THE PROBLEM:
Start at the line containing "Tapa de Secret love diaries" and transcribe every line exactly through the end of the records below, and only those lines.

### RECORDS TO USE ###

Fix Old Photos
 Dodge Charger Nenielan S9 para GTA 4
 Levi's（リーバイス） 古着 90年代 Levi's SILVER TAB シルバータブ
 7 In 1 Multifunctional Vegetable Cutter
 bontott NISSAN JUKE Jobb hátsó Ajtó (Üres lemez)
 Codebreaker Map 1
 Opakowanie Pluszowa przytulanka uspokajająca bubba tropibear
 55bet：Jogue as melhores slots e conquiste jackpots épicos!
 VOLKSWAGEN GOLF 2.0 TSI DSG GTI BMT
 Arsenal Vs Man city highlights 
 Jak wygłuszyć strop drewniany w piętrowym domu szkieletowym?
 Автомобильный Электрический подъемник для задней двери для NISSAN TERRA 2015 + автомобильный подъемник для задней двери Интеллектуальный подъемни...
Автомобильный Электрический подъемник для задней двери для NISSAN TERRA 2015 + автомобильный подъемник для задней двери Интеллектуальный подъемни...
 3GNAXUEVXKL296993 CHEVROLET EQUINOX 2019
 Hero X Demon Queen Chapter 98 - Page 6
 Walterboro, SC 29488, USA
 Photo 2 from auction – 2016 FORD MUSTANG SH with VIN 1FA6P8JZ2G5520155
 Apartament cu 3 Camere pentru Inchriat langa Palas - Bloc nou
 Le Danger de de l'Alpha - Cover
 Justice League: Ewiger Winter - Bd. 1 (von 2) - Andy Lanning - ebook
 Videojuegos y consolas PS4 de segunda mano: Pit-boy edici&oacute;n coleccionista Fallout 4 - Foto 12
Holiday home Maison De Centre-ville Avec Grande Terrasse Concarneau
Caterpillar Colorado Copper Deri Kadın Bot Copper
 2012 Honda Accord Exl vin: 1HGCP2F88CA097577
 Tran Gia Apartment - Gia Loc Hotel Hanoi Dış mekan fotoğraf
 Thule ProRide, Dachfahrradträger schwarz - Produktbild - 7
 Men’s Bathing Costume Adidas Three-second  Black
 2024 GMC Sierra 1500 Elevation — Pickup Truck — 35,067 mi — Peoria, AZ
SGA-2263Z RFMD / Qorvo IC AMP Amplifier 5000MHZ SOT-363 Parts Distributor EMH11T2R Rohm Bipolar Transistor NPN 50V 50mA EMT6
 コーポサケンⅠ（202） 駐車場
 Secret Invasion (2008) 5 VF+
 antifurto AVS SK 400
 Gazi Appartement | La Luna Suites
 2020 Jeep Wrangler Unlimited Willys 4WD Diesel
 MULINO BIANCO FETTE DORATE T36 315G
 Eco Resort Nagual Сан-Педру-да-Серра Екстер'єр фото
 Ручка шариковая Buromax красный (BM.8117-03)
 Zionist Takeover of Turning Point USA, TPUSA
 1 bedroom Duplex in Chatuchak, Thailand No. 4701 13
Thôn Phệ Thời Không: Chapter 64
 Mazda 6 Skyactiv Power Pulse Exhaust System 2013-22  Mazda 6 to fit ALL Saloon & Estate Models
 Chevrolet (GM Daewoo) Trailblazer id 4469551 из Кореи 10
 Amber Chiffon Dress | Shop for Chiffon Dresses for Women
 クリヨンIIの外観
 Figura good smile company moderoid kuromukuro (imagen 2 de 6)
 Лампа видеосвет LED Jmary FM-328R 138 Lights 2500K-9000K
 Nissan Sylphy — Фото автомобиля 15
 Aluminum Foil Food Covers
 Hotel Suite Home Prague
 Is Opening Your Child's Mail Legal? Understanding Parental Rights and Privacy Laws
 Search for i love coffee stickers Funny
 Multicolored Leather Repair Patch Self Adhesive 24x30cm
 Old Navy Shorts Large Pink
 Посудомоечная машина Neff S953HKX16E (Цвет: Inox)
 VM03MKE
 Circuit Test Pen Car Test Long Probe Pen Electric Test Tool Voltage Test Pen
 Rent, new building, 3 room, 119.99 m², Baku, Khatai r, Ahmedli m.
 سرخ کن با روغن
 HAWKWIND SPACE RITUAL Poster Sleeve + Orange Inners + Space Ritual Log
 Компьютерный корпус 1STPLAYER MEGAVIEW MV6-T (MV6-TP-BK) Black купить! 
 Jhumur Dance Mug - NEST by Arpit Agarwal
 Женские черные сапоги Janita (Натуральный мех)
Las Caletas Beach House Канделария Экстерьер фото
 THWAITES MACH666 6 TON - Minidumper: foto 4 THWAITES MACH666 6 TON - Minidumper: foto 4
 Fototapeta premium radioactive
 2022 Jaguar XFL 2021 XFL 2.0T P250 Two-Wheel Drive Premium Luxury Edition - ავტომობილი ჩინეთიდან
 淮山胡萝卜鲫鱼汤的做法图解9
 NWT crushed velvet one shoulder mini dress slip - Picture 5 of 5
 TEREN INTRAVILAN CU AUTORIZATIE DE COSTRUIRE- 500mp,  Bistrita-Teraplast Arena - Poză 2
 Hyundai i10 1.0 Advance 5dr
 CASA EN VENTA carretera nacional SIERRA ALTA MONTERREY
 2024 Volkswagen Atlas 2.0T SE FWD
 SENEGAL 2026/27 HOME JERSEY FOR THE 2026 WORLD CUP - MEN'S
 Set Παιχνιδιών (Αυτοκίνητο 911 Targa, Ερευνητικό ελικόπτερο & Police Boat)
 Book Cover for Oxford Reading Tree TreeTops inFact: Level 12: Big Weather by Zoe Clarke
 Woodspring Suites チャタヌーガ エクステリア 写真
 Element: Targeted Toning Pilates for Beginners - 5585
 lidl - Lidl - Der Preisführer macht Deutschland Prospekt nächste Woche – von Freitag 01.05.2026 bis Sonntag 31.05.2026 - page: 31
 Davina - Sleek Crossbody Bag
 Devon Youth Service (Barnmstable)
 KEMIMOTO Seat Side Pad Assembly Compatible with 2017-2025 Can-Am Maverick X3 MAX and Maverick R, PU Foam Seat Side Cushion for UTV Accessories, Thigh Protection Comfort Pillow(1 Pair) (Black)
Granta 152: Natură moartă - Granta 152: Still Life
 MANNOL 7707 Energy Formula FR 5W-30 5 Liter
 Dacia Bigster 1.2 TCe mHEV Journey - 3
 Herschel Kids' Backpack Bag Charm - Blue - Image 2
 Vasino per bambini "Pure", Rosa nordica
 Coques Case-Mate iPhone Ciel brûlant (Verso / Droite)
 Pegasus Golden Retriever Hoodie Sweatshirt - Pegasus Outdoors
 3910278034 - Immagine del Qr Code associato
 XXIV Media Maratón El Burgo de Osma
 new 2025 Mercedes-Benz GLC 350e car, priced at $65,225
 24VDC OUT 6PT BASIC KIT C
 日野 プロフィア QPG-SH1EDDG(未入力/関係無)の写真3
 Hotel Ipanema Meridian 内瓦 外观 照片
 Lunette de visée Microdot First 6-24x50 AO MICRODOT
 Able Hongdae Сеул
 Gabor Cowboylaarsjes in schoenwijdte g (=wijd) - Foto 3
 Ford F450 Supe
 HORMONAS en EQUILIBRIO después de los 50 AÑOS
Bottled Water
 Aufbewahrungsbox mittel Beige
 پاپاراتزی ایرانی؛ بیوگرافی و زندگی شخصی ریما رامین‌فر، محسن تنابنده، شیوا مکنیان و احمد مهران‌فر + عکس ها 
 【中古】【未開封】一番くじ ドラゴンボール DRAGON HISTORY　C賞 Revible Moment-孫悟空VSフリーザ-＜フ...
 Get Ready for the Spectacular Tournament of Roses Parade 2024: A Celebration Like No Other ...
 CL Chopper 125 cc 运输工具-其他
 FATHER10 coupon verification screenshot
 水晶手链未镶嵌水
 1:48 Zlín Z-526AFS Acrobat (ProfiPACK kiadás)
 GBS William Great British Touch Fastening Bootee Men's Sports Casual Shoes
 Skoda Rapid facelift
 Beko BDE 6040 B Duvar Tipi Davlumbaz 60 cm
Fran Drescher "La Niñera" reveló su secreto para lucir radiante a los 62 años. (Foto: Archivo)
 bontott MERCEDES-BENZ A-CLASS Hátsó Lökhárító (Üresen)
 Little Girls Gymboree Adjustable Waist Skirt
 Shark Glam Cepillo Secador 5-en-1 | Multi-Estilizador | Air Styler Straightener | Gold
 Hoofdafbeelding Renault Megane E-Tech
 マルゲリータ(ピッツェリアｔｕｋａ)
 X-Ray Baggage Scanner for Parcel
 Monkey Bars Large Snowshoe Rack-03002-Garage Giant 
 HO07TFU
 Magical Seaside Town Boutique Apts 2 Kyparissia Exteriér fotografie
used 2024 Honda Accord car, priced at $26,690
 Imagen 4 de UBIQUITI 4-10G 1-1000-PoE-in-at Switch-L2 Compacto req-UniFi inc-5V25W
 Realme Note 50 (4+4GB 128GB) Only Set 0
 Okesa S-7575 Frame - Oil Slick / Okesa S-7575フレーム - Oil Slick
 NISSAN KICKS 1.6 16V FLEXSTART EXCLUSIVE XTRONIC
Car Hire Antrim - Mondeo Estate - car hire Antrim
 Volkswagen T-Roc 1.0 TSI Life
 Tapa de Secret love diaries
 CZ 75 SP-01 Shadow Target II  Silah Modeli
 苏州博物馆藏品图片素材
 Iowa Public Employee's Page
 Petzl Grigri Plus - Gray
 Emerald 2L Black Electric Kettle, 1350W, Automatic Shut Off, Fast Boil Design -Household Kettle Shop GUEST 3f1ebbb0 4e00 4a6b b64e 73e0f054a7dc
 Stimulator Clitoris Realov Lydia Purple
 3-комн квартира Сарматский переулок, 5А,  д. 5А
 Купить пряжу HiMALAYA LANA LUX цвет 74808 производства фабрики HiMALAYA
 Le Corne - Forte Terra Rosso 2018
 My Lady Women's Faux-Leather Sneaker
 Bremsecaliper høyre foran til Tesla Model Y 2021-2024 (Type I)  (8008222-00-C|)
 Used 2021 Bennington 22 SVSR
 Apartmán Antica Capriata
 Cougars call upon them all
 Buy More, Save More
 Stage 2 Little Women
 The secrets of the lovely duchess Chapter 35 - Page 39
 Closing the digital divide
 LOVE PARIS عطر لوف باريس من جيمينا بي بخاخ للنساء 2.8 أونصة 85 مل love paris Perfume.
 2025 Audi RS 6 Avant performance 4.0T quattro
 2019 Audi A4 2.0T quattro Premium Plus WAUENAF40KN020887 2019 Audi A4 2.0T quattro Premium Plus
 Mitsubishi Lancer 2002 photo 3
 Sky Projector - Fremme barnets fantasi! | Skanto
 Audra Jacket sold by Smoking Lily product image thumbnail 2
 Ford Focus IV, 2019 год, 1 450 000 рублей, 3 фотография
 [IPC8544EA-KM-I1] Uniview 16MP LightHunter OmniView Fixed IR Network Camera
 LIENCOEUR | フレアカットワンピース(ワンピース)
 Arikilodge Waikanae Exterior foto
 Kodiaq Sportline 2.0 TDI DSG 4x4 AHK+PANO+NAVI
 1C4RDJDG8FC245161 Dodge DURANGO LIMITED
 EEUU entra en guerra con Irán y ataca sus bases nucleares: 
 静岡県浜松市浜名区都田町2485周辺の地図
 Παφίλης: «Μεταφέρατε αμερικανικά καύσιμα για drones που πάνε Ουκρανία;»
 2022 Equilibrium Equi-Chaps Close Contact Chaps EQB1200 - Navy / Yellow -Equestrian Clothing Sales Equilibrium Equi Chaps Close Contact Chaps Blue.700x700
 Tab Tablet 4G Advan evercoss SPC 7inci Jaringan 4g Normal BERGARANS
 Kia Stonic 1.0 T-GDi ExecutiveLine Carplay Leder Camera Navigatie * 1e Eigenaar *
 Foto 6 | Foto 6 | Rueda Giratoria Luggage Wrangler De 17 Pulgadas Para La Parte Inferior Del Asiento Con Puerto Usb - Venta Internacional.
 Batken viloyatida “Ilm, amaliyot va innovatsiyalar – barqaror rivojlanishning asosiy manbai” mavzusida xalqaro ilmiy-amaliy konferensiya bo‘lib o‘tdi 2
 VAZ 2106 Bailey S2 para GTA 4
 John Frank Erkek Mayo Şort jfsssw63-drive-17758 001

###

RESPONSE TO THIS TASK:
 Tapa de Secret love diaries
 CZ 75 SP-01 Shadow Target II  Silah Modeli
 苏州博物馆藏品图片素材
 Iowa Public Employee's Page
 Petzl Grigri Plus - Gray
 Emerald 2L Black Electric Kettle, 1350W, Automatic Shut Off, Fast Boil Design -Household Kettle Shop GUEST 3f1ebbb0 4e00 4a6b b64e 73e0f054a7dc
 Stimulator Clitoris Realov Lydia Purple
 3-комн квартира Сарматский переулок, 5А,  д. 5А
 Купить пряжу HiMALAYA LANA LUX цвет 74808 производства фабрики HiMALAYA
 Le Corne - Forte Terra Rosso 2018
 My Lady Women's Faux-Leather Sneaker
 Bremsecaliper høyre foran til Tesla Model Y 2021-2024 (Type I)  (8008222-00-C|)
 Used 2021 Bennington 22 SVSR
 Apartmán Antica Capriata
 Cougars call upon them all
 Buy More, Save More
 Stage 2 Little Women
 The secrets of the lovely duchess Chapter 35 - Page 39
 Closing the digital divide
 LOVE PARIS عطر لوف باريس من جيمينا بي بخاخ للنساء 2.8 أونصة 85 مل love paris Perfume.
 2025 Audi RS 6 Avant performance 4.0T quattro
 2019 Audi A4 2.0T quattro Premium Plus WAUENAF40KN020887 2019 Audi A4 2.0T quattro Premium Plus
 Mitsubishi Lancer 2002 photo 3
 Sky Projector - Fremme barnets fantasi! | Skanto
 Audra Jacket sold by Smoking Lily product image thumbnail 2
 Ford Focus IV, 2019 год, 1 450 000 рублей, 3 фотография
 [IPC8544EA-KM-I1] Uniview 16MP LightHunter OmniView Fixed IR Network Camera
 LIENCOEUR | フレアカットワンピース(ワンピース)
 Arikilodge Waikanae Exterior foto
 Kodiaq Sportline 2.0 TDI DSG 4x4 AHK+PANO+NAVI
 1C4RDJDG8FC245161 Dodge DURANGO LIMITED
 EEUU entra en guerra con Irán y ataca sus bases nucleares: 
 静岡県浜松市浜名区都田町2485周辺の地図
 Παφίλης: «Μεταφέρατε αμερικανικά καύσιμα για drones που πάνε Ουκρανία;»
 2022 Equilibrium Equi-Chaps Close Contact Chaps EQB1200 - Navy / Yellow -Equestrian Clothing Sales Equilibrium Equi Chaps Close Contact Chaps Blue.700x700
 Tab Tablet 4G Advan evercoss SPC 7inci Jaringan 4g Normal BERGARANS
 Kia Stonic 1.0 T-GDi ExecutiveLine Carplay Leder Camera Navigatie * 1e Eigenaar *
 Foto 6 | Foto 6 | Rueda Giratoria Luggage Wrangler De 17 Pulgadas Para La Parte Inferior Del Asiento Con Puerto Usb - Venta Internacional.
 Batken viloyatida “Ilm, amaliyot va innovatsiyalar – barqaror rivojlanishning asosiy manbai” mavzusida xalqaro ilmiy-amaliy konferensiya bo‘lib o‘tdi 2
 VAZ 2106 Bailey S2 para GTA 4
 John Frank Erkek Mayo Şort jfsssw63-drive-17758 001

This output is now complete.